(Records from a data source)
○ ○ ○ ○ ○
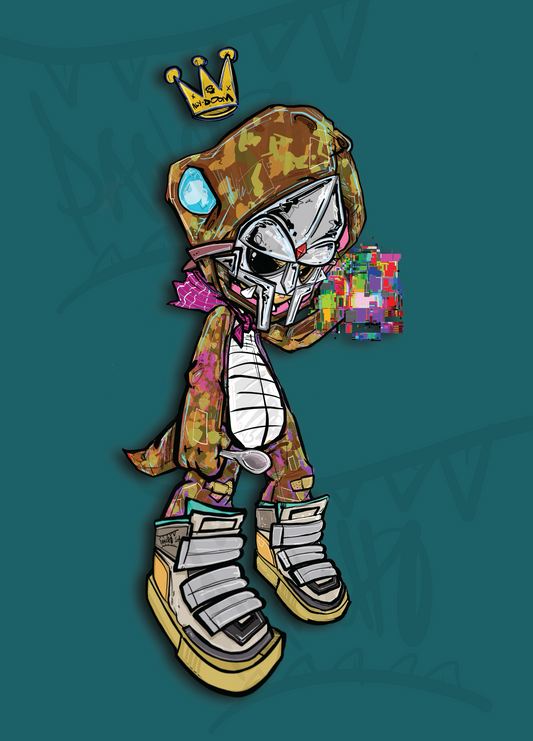DOOMINATION ALYDOOM CAMO Print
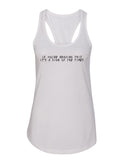 Harry Styles "If you're reading this it's a Sign of the Times." Racerback Tank Top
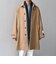 PURE WOOL MELTON ステンカラー コート 26AW◆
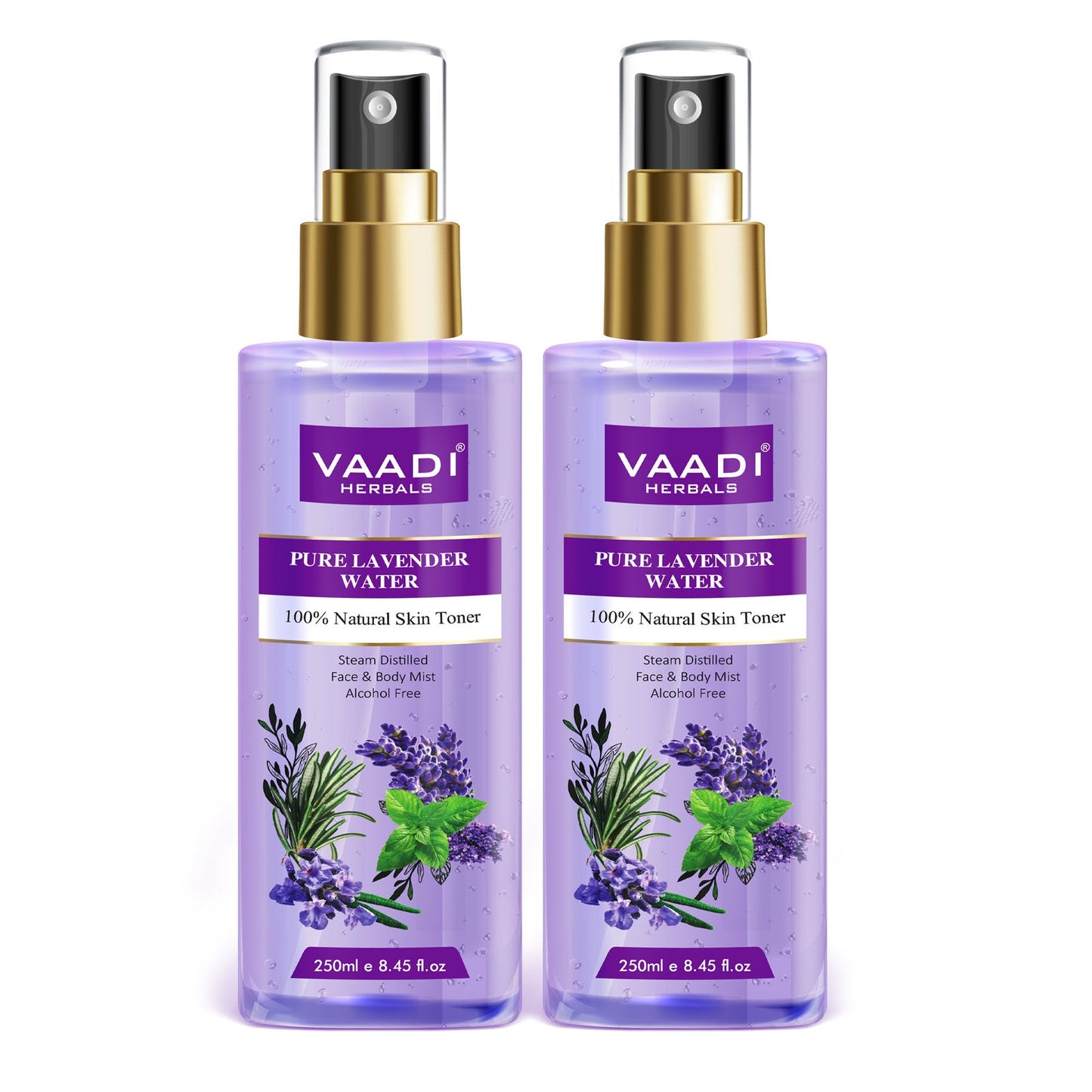 Lavender Water -100% Natural & Pure Skin Toner (250 ml x 2)
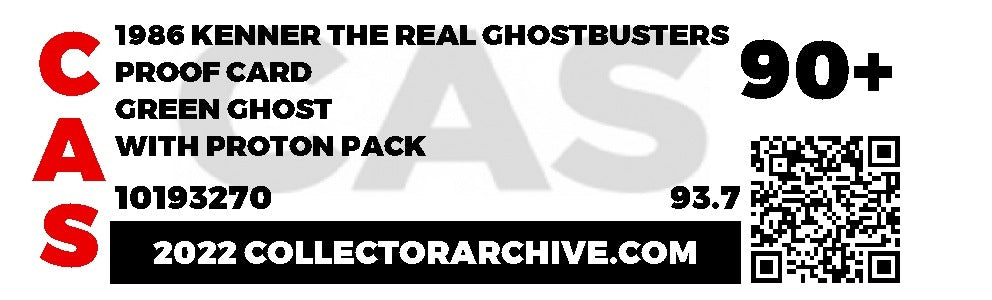 Proof Prototype: Slimer w/ Proton Pack (Ghostbuster, Kenner) **CAS Graded 90+** product image 4, provided for visual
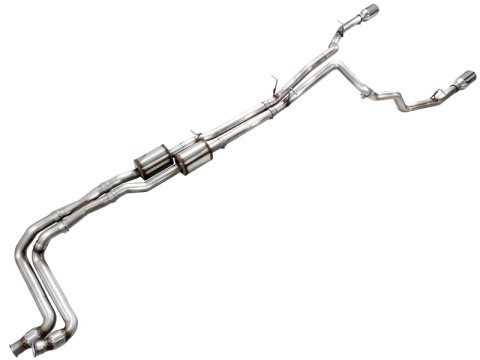 AWE Tuning 25+ RAM 1500 3.0TT 0FG Cat-Back Touring Exhaust - Chrome Silver Tips thumbnail 2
○ ○ ○ ○ ○
» **Your goal**
The records above should be repeated exactly, with no pictures in the copy.

» **Completed exercise**
DOOMINATION ALYDOOM CAMO Print
 Harry Styles "If you're reading this it's a Sign of the Times." Racerback Tank Top
 PURE WOOL MELTON ステンカラー コート 26AW◆
 Lavender Water -100% Natural & Pure Skin Toner (250 ml x 2)
 Proof Prototype: Slimer w/ Proton Pack (Ghostbuster, Kenner) **CAS Graded 90+** product image 4, provided for visual
 AWE Tuning 25+ RAM 1500 3.0TT 0FG Cat-Back Touring Exhaust - Chrome Silver Tips thumbnail 2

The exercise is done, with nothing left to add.